[PROBLEM TO SOLVE]: Omit all pictures. Print the remaining lines exactly, from the start of the data through the line containing "mapreduce词频统计idea mapreduce 词频统计,mapreduce词频统计idea".

Collected data entries:
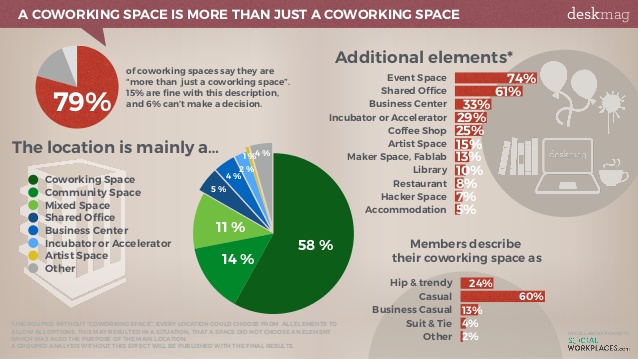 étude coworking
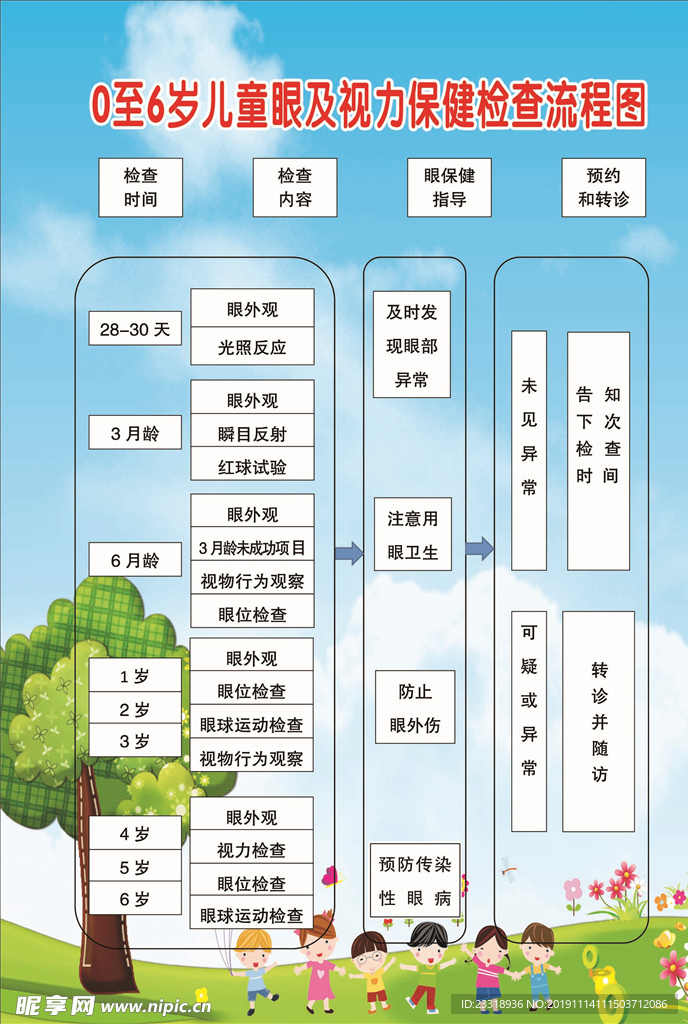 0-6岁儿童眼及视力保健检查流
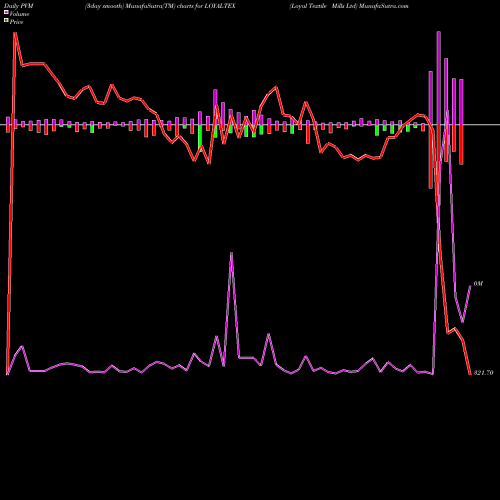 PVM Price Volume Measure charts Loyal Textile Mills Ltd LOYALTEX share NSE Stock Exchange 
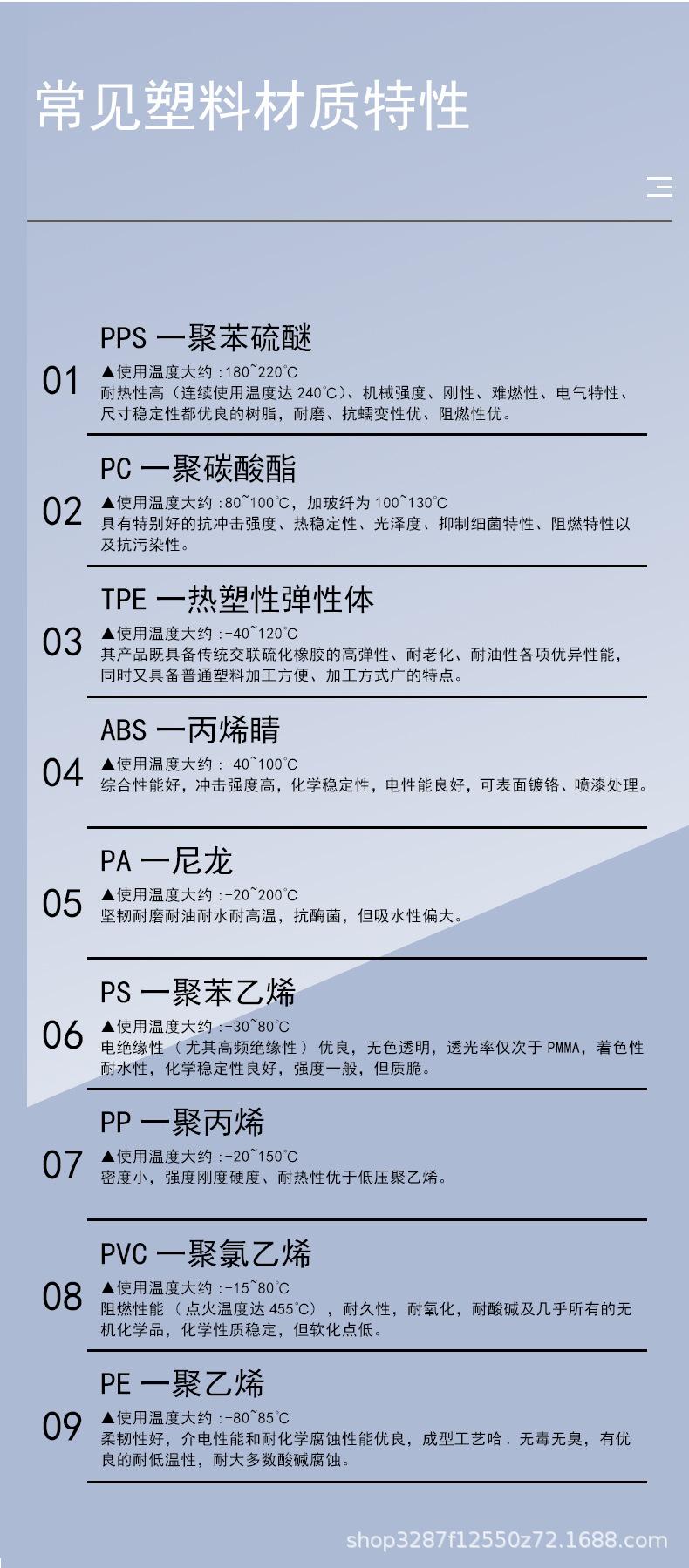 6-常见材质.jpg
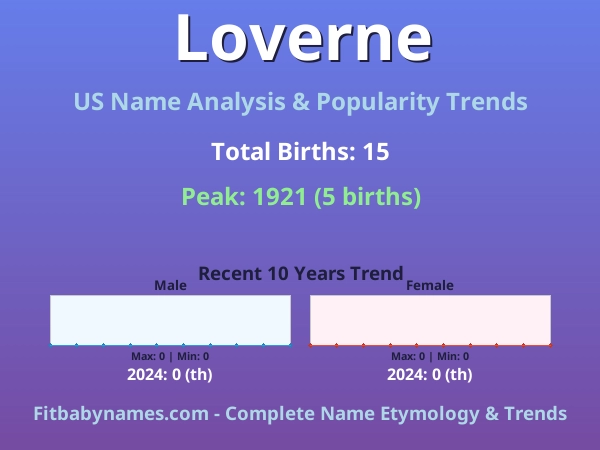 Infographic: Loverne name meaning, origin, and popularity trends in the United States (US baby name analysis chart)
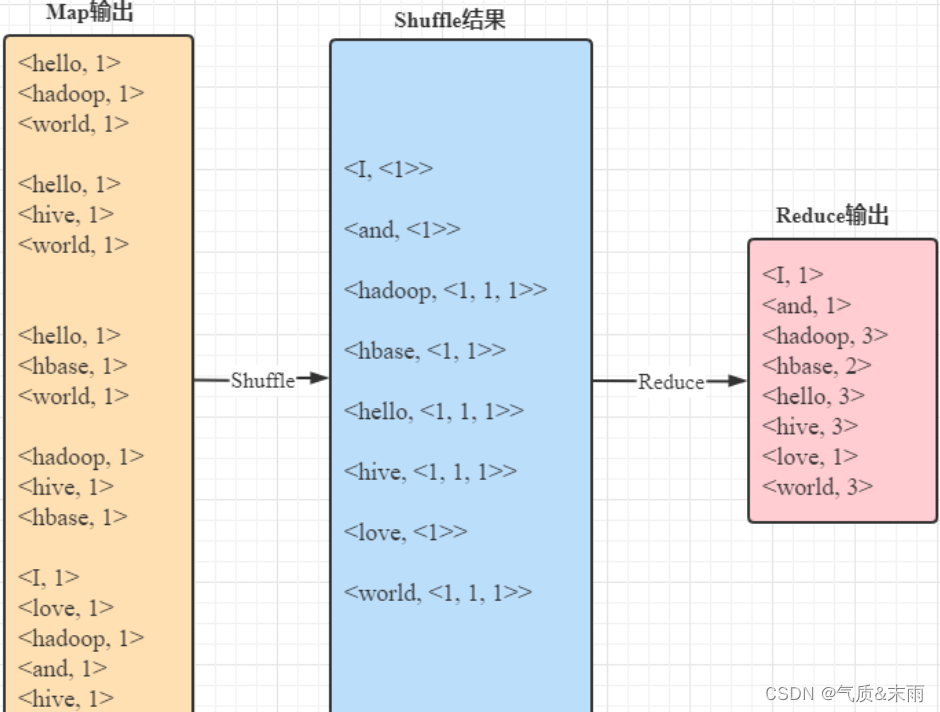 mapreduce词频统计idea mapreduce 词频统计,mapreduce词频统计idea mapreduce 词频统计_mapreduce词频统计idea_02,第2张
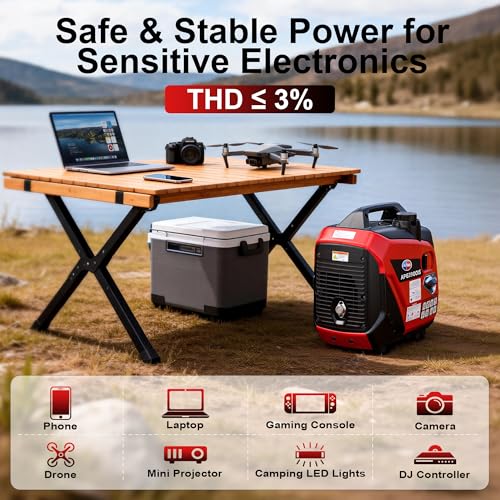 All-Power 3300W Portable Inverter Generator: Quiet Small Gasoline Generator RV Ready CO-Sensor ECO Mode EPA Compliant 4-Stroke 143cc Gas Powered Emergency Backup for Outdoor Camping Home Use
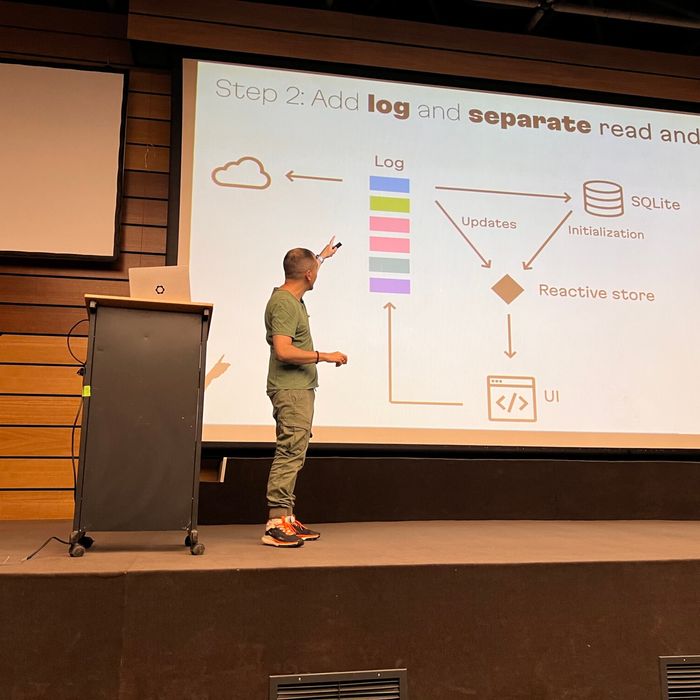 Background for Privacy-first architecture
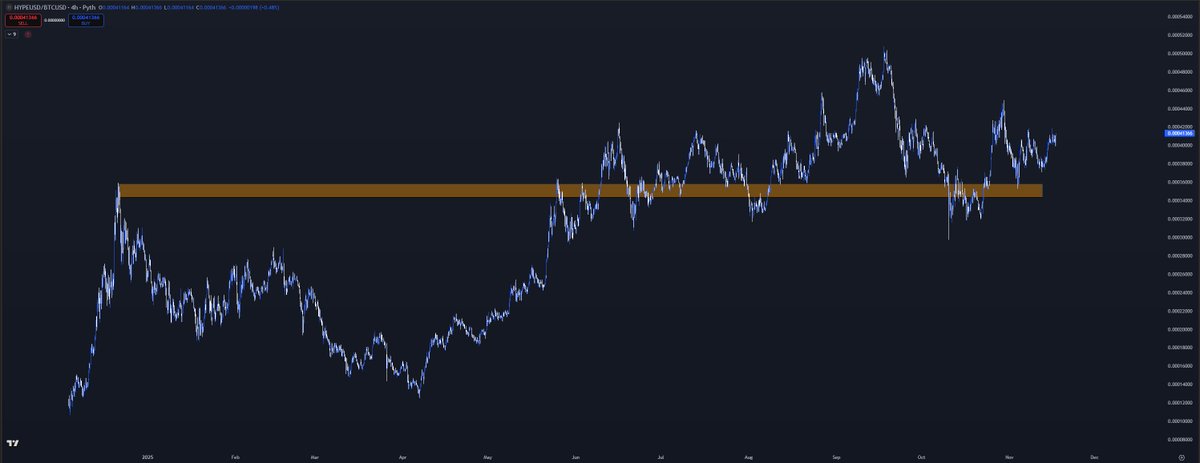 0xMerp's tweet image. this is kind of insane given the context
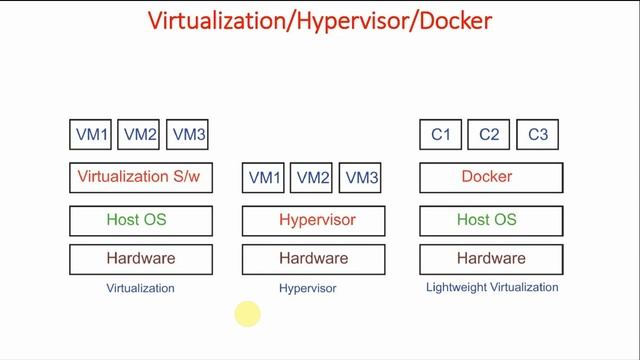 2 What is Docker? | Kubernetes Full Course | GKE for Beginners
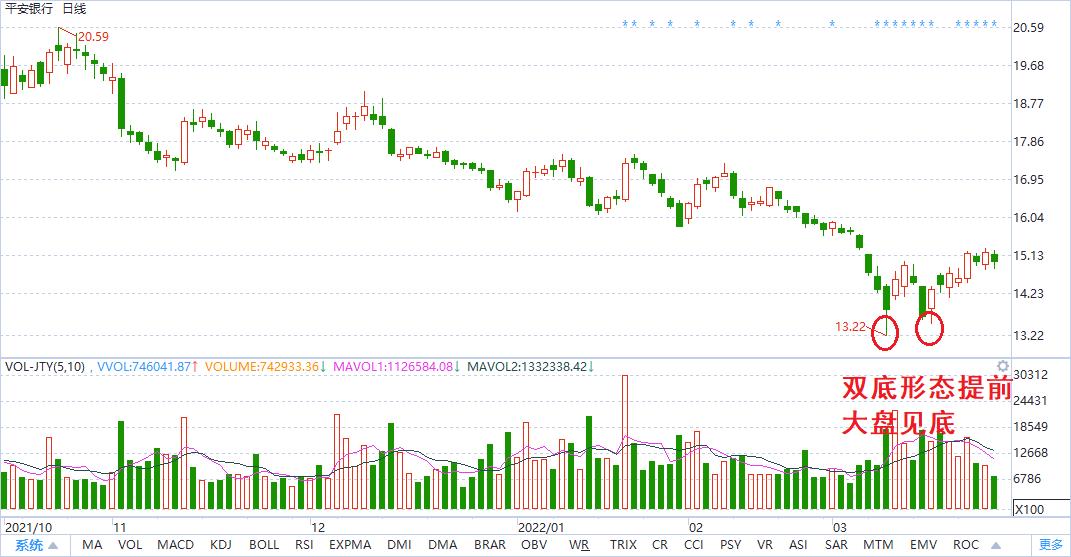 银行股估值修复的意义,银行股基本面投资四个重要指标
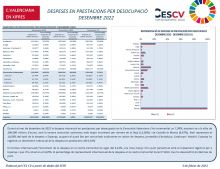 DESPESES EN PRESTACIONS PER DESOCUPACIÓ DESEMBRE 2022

[ANSWER FOR THIS EXERCISE]:
 étude coworking
 0-6岁儿童眼及视力保健检查流
 PVM Price Volume Measure charts Loyal Textile Mills Ltd LOYALTEX share NSE Stock Exchange 
 6-常见材质.jpg
 Infographic: Loverne name meaning, origin, and popularity trends in the United States (US baby name analysis chart)
 mapreduce词频统计idea mapreduce 词频统计,mapreduce词频统计idea mapreduce 词频统计_mapreduce词频统计idea_02,第2张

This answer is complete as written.